The world’s first LNG bunkering tanker refuels the world’s largest LNG-powered passenger ship in Stockholm harbor where the tanker Seagas can deliver 70 tons of LNG to the cruise ferry in 60 minutes (note LNG storage tanks on ferry’s stern). Photo courtesy of Linde/AGA.
The move toward using liquid natural gas (LNG) as a marine fuel is continuing to gain momentum as new environmental regulations are enacted and bunkering facilities are expanded. According to a recent forecast by MEC Intelligence, a market insight firm that focuses on the maritime sector, nearly 10,000 vessels could be adopting LNG propulsion by 2020 compared to less than 100 today. Prior to MEC’s forecast, classification society Det Norske had predicted that LNG would become the dominant fuel source for all merchant ships within 40 years. The reason for such growth is strict emission regulations requiring the reduction of sulfur oxides (SOx) and nitrogen oxides (NOx) to 0.1 percent in Emission Control Areas (ECAs) by 2015 and 0.5 percent globally by 2020. The key compliance options available for vessel operators are either adoption of new types of fuel, such as LNG or low sulphur marine gasoil, or by using “scrubber” technology on existing heavy fuel oil (HFO) burning powerplants. LNG, besides becoming cheaper as new sources are opened up through fracking, cuts carbon emissions by about 25 percent, SOx by almost 100 percent and NOx by 85 percent. However, other technologies are also being explored. These include the use of liquid hydrogen as a fuel to generate power within a combined fuel cell and battery system as well as solar panel and automated sail systems. At the same time a new range of extremely efficient low-speed two-stroke diesel engines is being introduced as more operators take up slow steaming.
Latest LNG Ships
To date, LNG use has been restricted to smaller vessels operating rather short runs due to the large size of fuel tanks required and the few bunkering facilities available. Because of this, most development has centered in northern Europe where some LNG bunkering capability was established for the offshore oil industry and local ferry businesses several years ago. In 2011 Sweden’s Tarbit Shipping placed its LNG-burning product tanker Bit Viking in service along the Norwegian coast after repowering the 25,000-dwt ship with Wärtsilä 50DF dual-fuel engines. Last year the world’s first LNG-powered coaster, the 2,650-dwt fish food carrier Høydal, also began operating off Norway. At the same time Stavanger-based Island Offshore christened the 96-meter-long Island Crusader as the world’s first PSV to use fully dedicated LNG-burning main engines. Earlier this year Finland’s Viking Line began operating the 56,000-gt cruise ferry Viking Grace between Turku and Stockholm using dual-fuel main engines burning LNG as the dominant fuel. Later this year Buksér og Berging AS of Norway will place the world’s first LNG-fueled tugboats into operation at Norwegian ports.

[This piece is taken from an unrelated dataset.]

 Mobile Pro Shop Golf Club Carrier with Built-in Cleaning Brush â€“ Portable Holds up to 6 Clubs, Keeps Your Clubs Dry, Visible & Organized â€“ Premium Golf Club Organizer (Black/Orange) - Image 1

Although Norway has been a significant innovator of LNG propulsion the trend has been expanding internationally, with Italy’s Lauro Shipping recently entering into an agreement that will see a series of gas powered passenger/auto ferries developed for Mediterranean use based on Rolls-Royce’s “Environship” program. This will be the first use of the Environship concept in a passenger vessel and the design will include LNG-burning Bergen engines as well as wave piercing bows and combination Promas propeller/rudder systems, the latter to enhance both fuel efficiency and maneuverability.
In Australia, Incat Tasmania Pty Ltd has already completed the world’s first LNG-burning high speed passenger/auto ferry for operation by South America’s Buquebus on the Buenos Aires - Montevideo run. The 50-knot vessel, with a capacity of 1,000 passengers and 140 vehicles, is the first high speed commercial craft to be powered by gas turbines using LNG as the primary fuel, while marine distillate is retained for standby and ancillary use.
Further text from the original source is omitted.